Defendants were reckless in operating, and in allowing the operation of a multi-ton, 2006 Kenworth Tanker Truck, at a speed greater than the speed limit posted on the subject roadway, and in violation of Pennsylvania law, specifically including but not limited to 75 Pa. C.S.A. § 3310(a), and while Defendant Bruce Johnson failed to maintain a proper lookout of the windshield of the Tanker Truck and at the road ahead.

(Compl. ¶ 35.) Thus, Plaintiff alleges that Johnson knowingly exceeded the posted speed limits, knew of traffic conditions, but failed to accommodate his driving, and acted with indifference toward the extra risks posed by driving a multi-ton tanker.

 

At this early stage, the Court finds that such allegations are sufficiently pled to survive this Motion to Dismiss. See generally Felkner v. Werner Enterprises, Inc., 2014 WL 1013474, at *5 (E.D. Pa. 2014) (“[C]ourts have allowed punitive damages claims to proceed when there exists evidence that truck drivers were driving too fast to stop their vehicles.”); Achey v. Crete Carrier Corp., 2009 WL 9083282, at *9 (E.D. Pa. 2009) (holding that a truck driver could be found liable for punitive damages for appreciating, and consciously ignoring, the risk of driving while in a state of fatigue); Sabo v.

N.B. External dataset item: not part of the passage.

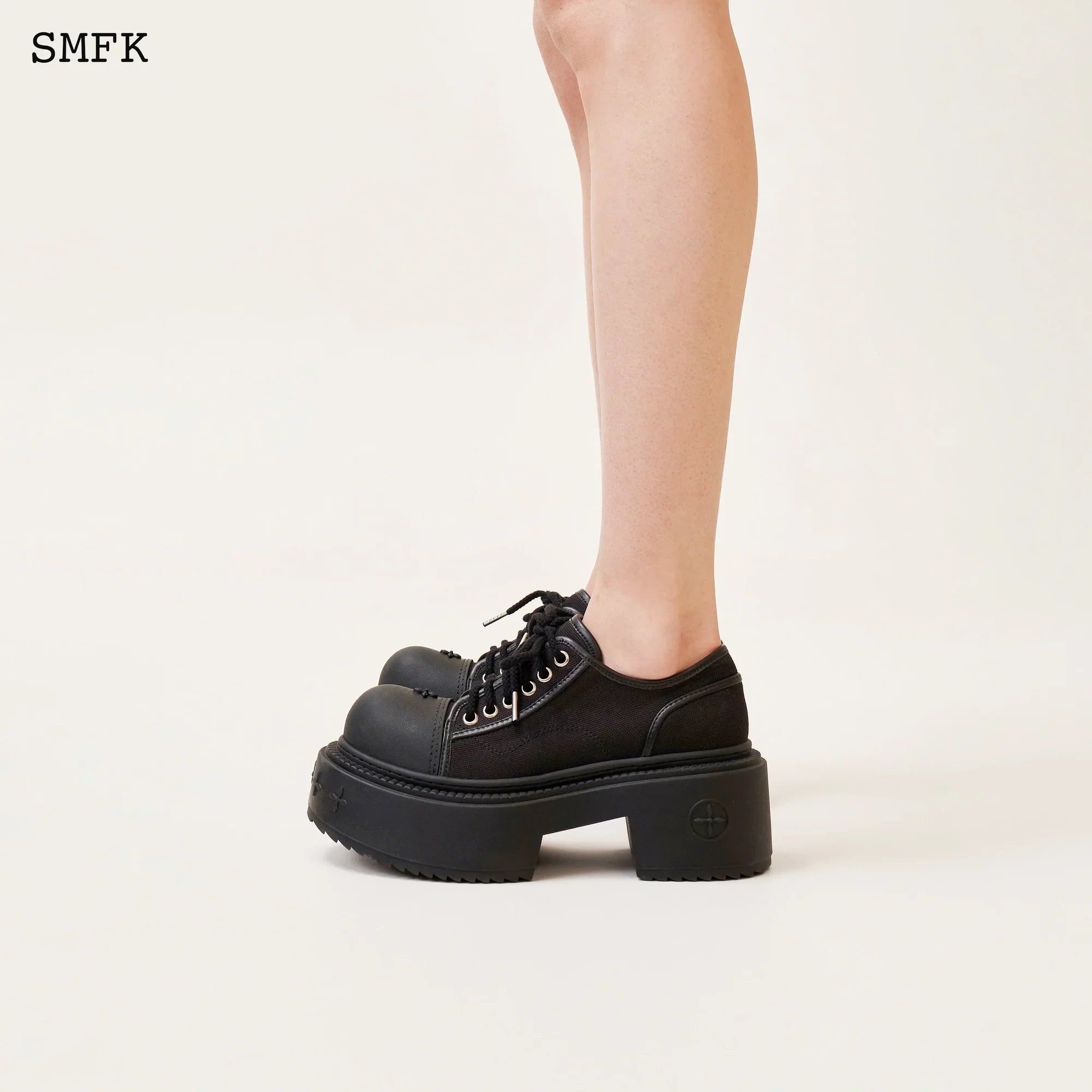 SMFK COMPASS RIDER LOW-TOP BOOTS IN BLACK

Suarez, 2009 WL 2365969, at *3-4 (M.D. Pa. 2009) (same, driving through a red light during densely foggy, wet conditions); Burke v. TransAm Trucking, Inc., 605 F.Supp.2d 647, 655 (M.D. Pa. 2009) (same, speeding around a curve); Grosek v. Panther Transp., Inc., 2009 WL 427238, at *3 (M.D. Pa. 2009) (same, driving through a red light); Arias v. Decker Transp., 2008 WL 450435, at *4 (M.D. Pa. 2008) (same, speeding, following vehicles too closely and failing to see others’ vehicles); Paone v. Lipuma, 2006 WL 5186524, at *3 (M.D. Pa. 2006) (same, following too closely and speeding). As pled, the Court finds that a jury could find that Johnson consciously appreciated and ignored the risks associated with his driving of a Tanker Truck. Thus, Plaintiff’s Count I claim for punitive damages persists.

 

*4 In Count II, Plaintiff alleges that All Chemical is liable for the incident under a theory of respondeat superior. (Compl. ¶¶ 26-32.) “Punitive damages may be awarded on the basis of vicarious liability.” Shiner v. Moriarty, 706 A.2d 1228, 1240 (Pa. Super. 1998); see also Burke, 605 F.Supp.2d at 657; Arias, 2008 WL 450435, at *4. Pennsylvania law does not require “an agent to commit a tortious act at the direction of the principal, nor must the principal ratify the act, in order for punitive damages to be imposed on him.” Shiner, 706 A.2d at 1240. Thus, given that the Court finds that Plaintiff’s claim for punitive damages against Johnson is well pled, and the fact that Defendant does not move to dismiss Plaintiff’s allegations regarding vicarious liability, the Court finds that Plaintiff’s claim for punitive damages under Count II survives this Motion.

 

 

  1. Conclusion

Defendant’s Motion is granted in part and denied in part. Plaintiff’s Count III is dismissed with prejudice. Plaintiff’s claims for punitive damages under Count I and Count II survive Plaintiff’s Motion to Dismiss.